Anyone who's ever worked in a forest knows why. Unlike most modern economic activities, reforestation requires very little capital investment -- unlike building a highway or a power plant that require big outlays in equipment, technology, and basic materials, Mother Nature mostly takes care of trees' physical needs: soil, sun, and water. So you can focus your spending where it will really make a difference for the economy: hiring people. Jobs in forestry include soil scientists, wildlife biologists, tree planters, water engineers, people to nurture and manage the trees over time, and guides. These are the ultimate shovel-ready jobs. Indeed, in some cases, you really don't need much more than a shovel to get to work.

Not all of the jobs-generating investments we need to make in forests are at home. Deforestation in the tropics is one of biggest sources of global warming pollution -- and one of the easiest and most affordable to solve.

Because land in the tropics is so cheap and its trees so carbon-rich, it's very affordable to conserve it by compensating governments, ranchers, farmers, and tribes for protecting their forests. Brazil is starting to reduce emissions from deforestation for $5 per ton of carbon dioxide, one half to one quarter the cost of pollution reductions in the domestic energy sector.

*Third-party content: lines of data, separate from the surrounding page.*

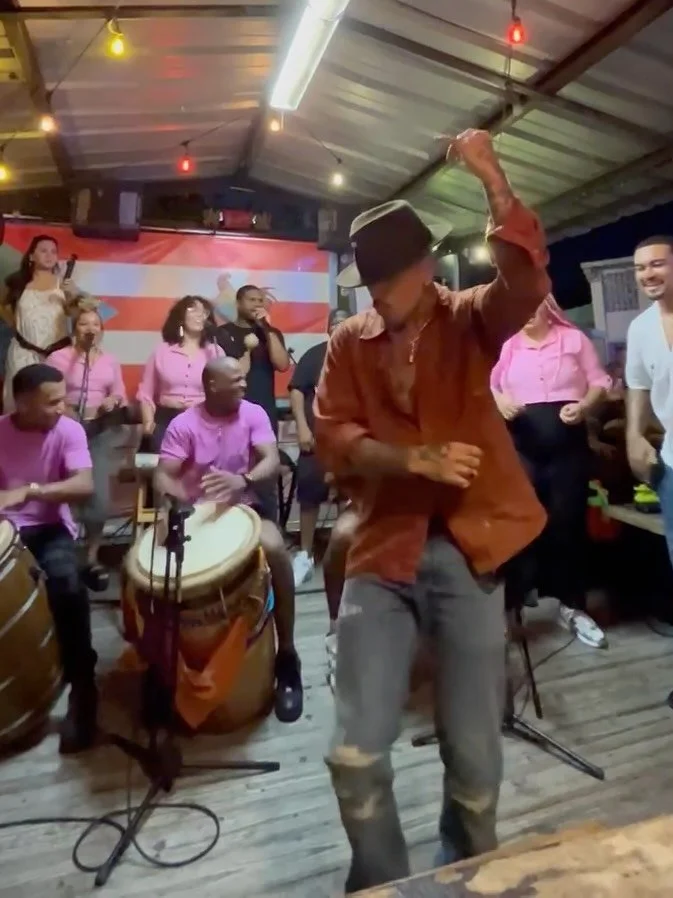 Rauw Alejandro fue sorprendido en su h&aacute;bitat natural: bailando bomba en La Terraza de Bonanza en Santurce junto a los tambores de Bomvibes. Una celebraci&oacute;n aut&eacute;ntica de su cultura y ra&iacute;ces.

Adem&aacute;s, Rauw fue honrado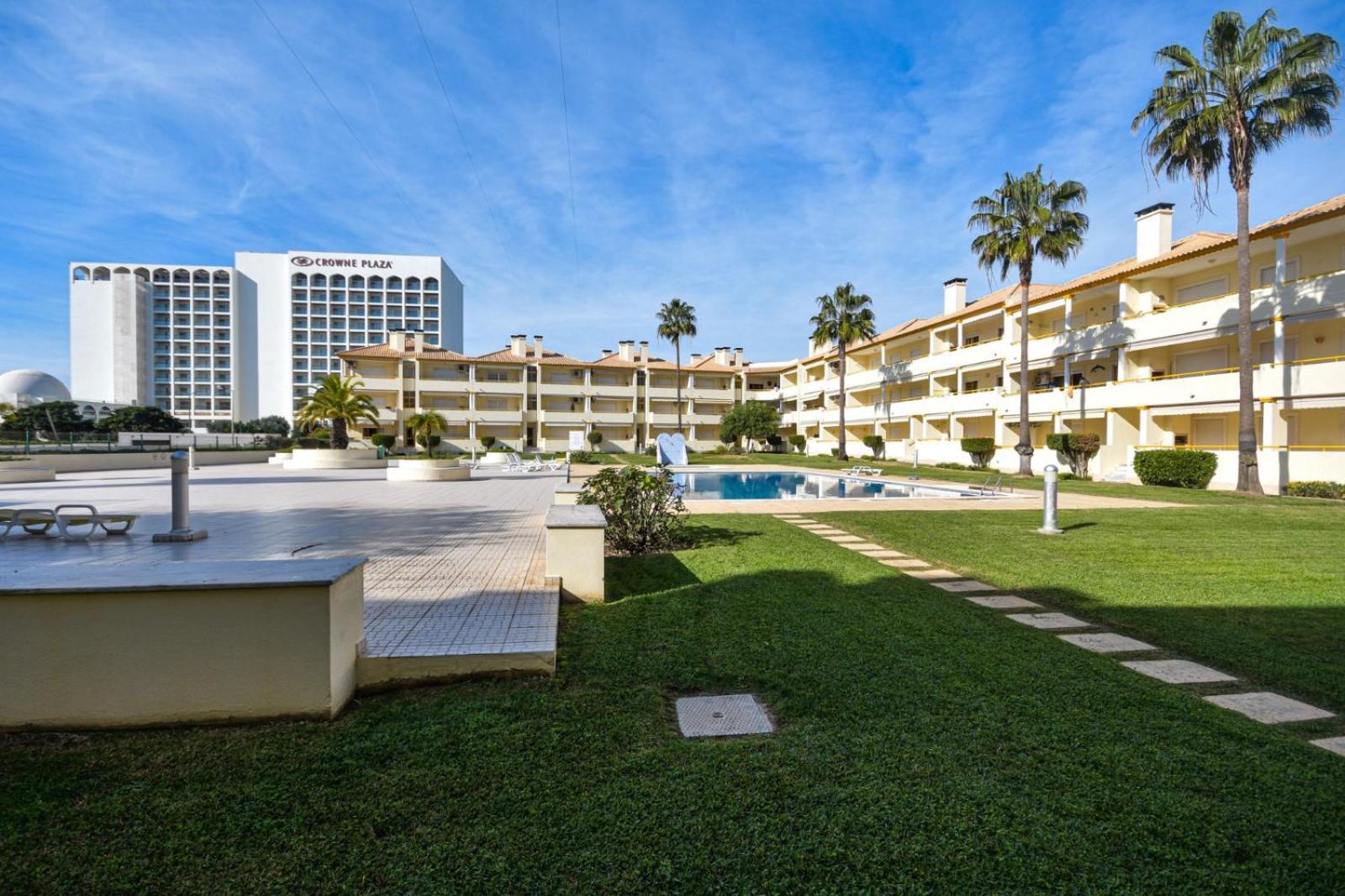 Vila Atlantida - Vilamoura-Quarteira Holiday Home - Beach At 250 Mts Екстериор снимка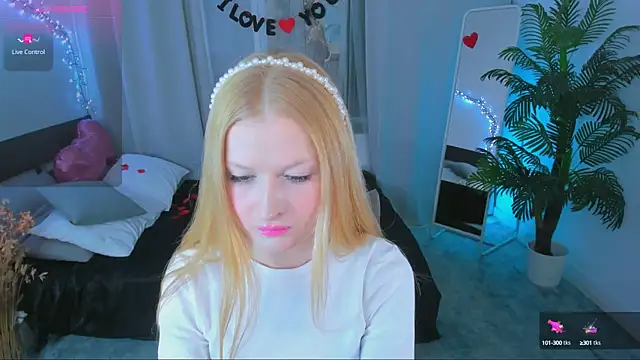 Laly Peach online show from February 16, 2025, 4:32 pm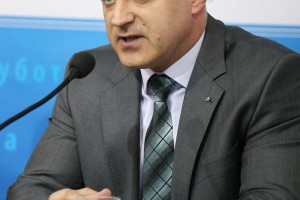 Potpisivanje Ugovora o poklanjanju gradskog zemljišta za novu fabriku Kontinentala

An energy-only approach to climate change would mean that U.S. ratepayers would have to foot the bill for excluding tropical forests from a climate solution. Politically, making reducing pollution more expensive than necessary means it will be that much harder to get the votes needed to support the strong climate targets we need.

Burning of the Amazon rainforest for cattle. Credit: MongaBay/NASA LBA-ECO Project

Protecting these forests will have another major benefit for the U.S. economy. Because tropical land is so cheap and mostly unprotected, it's easy for foreign agriculture and ranching operations to cut them down and replace them with cattle, soybean, and logging operations (many of them illegal). Not only is this deforestation devastating to the climate, the wildlife, and people of the forests, it also allows these foreign operations to U.S. agriculture and timber producers that, while less than perfect in some cases, are way better than those that tear down pristine rainforests for cattle for three to five years.

Left unchecked, tropical deforestation will cost the U.S. agriculture, ranching, and timber industries more than $100 billion between now and 2030 -- a real blow to a rural economy that's already been hit hard by the recession.

It's clear that we urgently need to address climate change -- but we can't afford to do it without our farms and our forests.